Nesse sentido, alguns elementos parecem estruturantes para a compreensão dessa contemporaneidade filosófica brasileira (séculos XX e XXI), digo: a complexidade social no século XX traz problemas que requerem análises interdisciplinares de tópicos como urbanização e favelização, industrialização e pós-industrialização, violência e seguridade social, controle da terra e agronegócio, sustentabilidade e saúde, além do sistema público de ensino (que atende apenas cerca de 25% dos alunos do ensino superior), frente ao home schooling and businness knowledge. O advento tardio e precário do sistema público de ensino, confrontado pela mercantilização privatista de títulos acadêmicos, põe em pauta a origem seletiva e elitista do ensino superior nacional, cujas raízes remetem ao século XIX.

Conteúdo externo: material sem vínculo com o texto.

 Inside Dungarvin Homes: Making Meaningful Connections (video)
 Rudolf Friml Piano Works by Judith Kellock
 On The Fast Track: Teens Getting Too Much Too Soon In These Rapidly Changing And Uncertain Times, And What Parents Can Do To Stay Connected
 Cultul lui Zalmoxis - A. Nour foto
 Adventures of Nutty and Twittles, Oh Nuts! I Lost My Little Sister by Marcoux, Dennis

Neste século, o sistema de ensino com financiamento público precário viu nascer algumas faculdades timidamente distantes da sociedade, reservadas à elite e com baixa inserção social e cultural. Somem-se a isso as grandes transições que se operaram, graças ou não às lutas sociais: da colônia ao império, do império à república, do escravismo à libertação de escravizados e do padroado ao Estado laico. Enfim, era uma sociedade em transição, sem uma base social e política que subsidiasse a população na busca por condições mínimas de vida social e de desenvolvimento político e econômico. Tanto o século XX quanto o XIX ainda carecem largamente de pesquisas de base capazes de subsidiar uma compreensão estrutural dos problemas e avanços dessa sociedade, como advertiu L. Washington Vita, no Panorama da filosofia no Brasil (1969).

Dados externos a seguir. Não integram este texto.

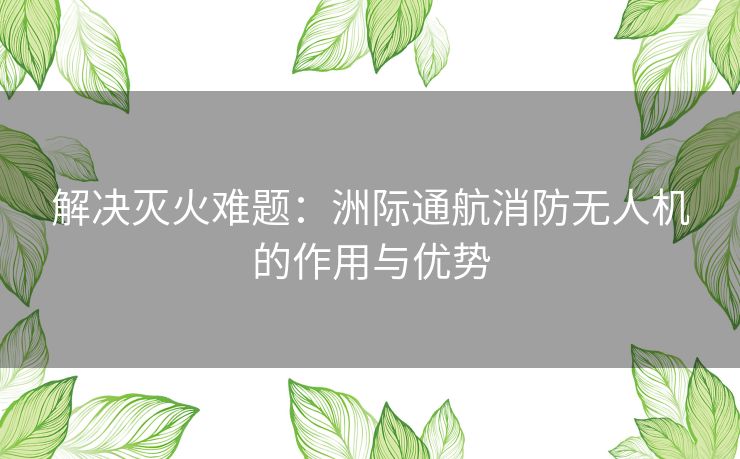 解决灭火难题：洲际通航消防无人机的作用与优势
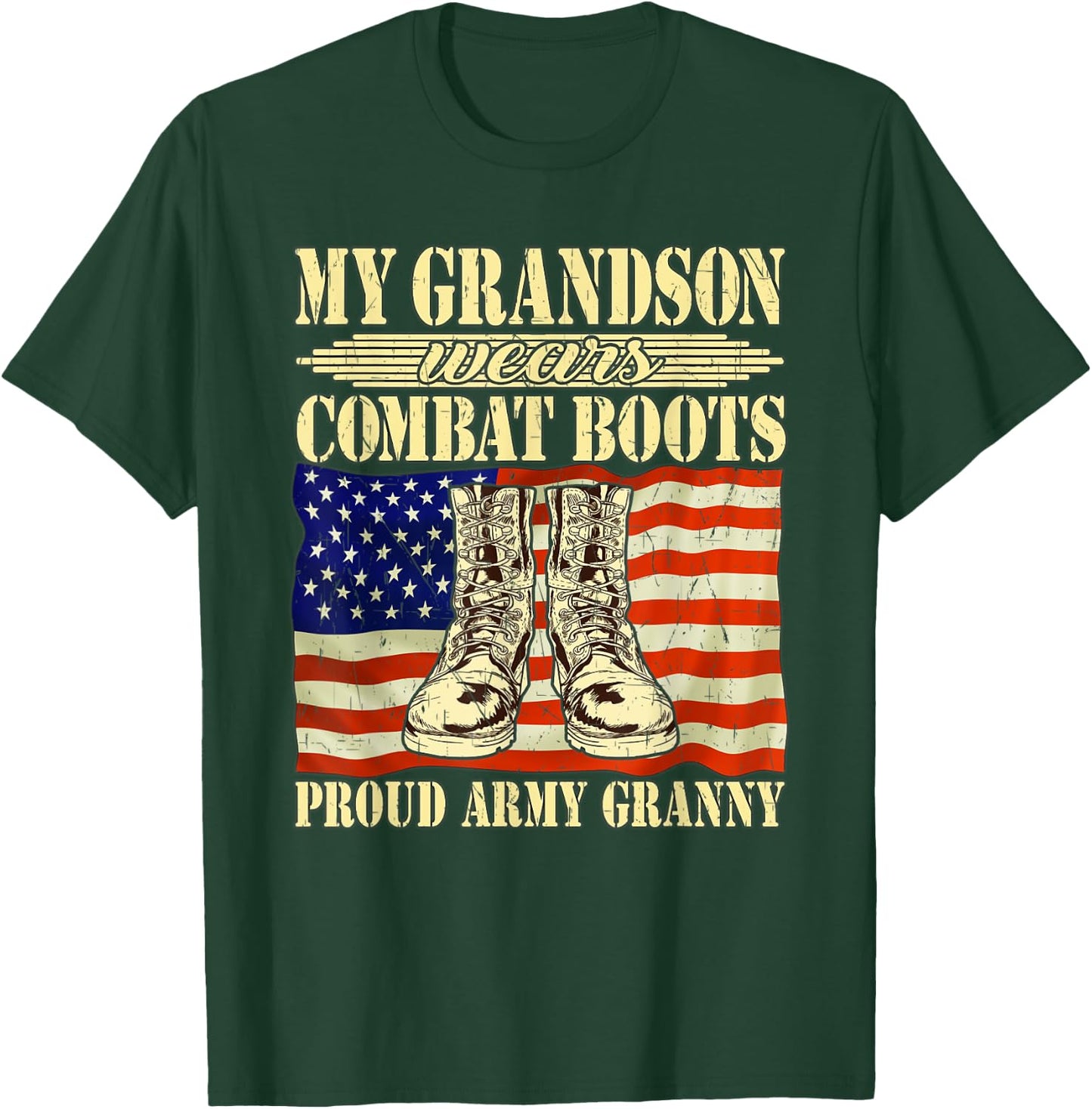 My Grandson Wears Combat Boots Military Proud Army Granny T-Shirt - T-Shirt | Forest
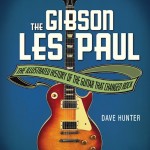 The Gibson Les Paul: The Illustrated History of the Guitar that Changed Rock
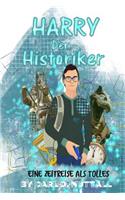 Harry, Der Historiker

Por fim, como as grandes questões brasileiras “[...] passaram assim em Terra Brasilis da Colônia até tarde do século XX”, seria igualmente estranho tentar compreender as razões do pensamento contemporâneo, esquecendo-se do trauma colonial. Uma sociedade mantida por mais de três séculos em um regime de exploração voraz, que sofreu a colonização do tempo e espaço, religião e cultura, língua e símbolos, território e formas de vida, corpos originários e africanos, ainda não superou os principais traumas coloniais: a integração de povos originários e africanos, a socialização da terra e de meios de produção e a universalização do sistema de ensino. Ao contrário, o ensino colonial foi religioso, com largo aporte financeiro da Coroa e restrito à elite e ao clero. Por isso, uma sociedade que ainda não se pôs no divã da história nem enfrentou seus traumas continua uma sociedade com pensamento alienado e alienante, mimético e emulador, incapaz de ultrapassar os muros da academia e prestar o serviço devido à sociedade onde se encontra.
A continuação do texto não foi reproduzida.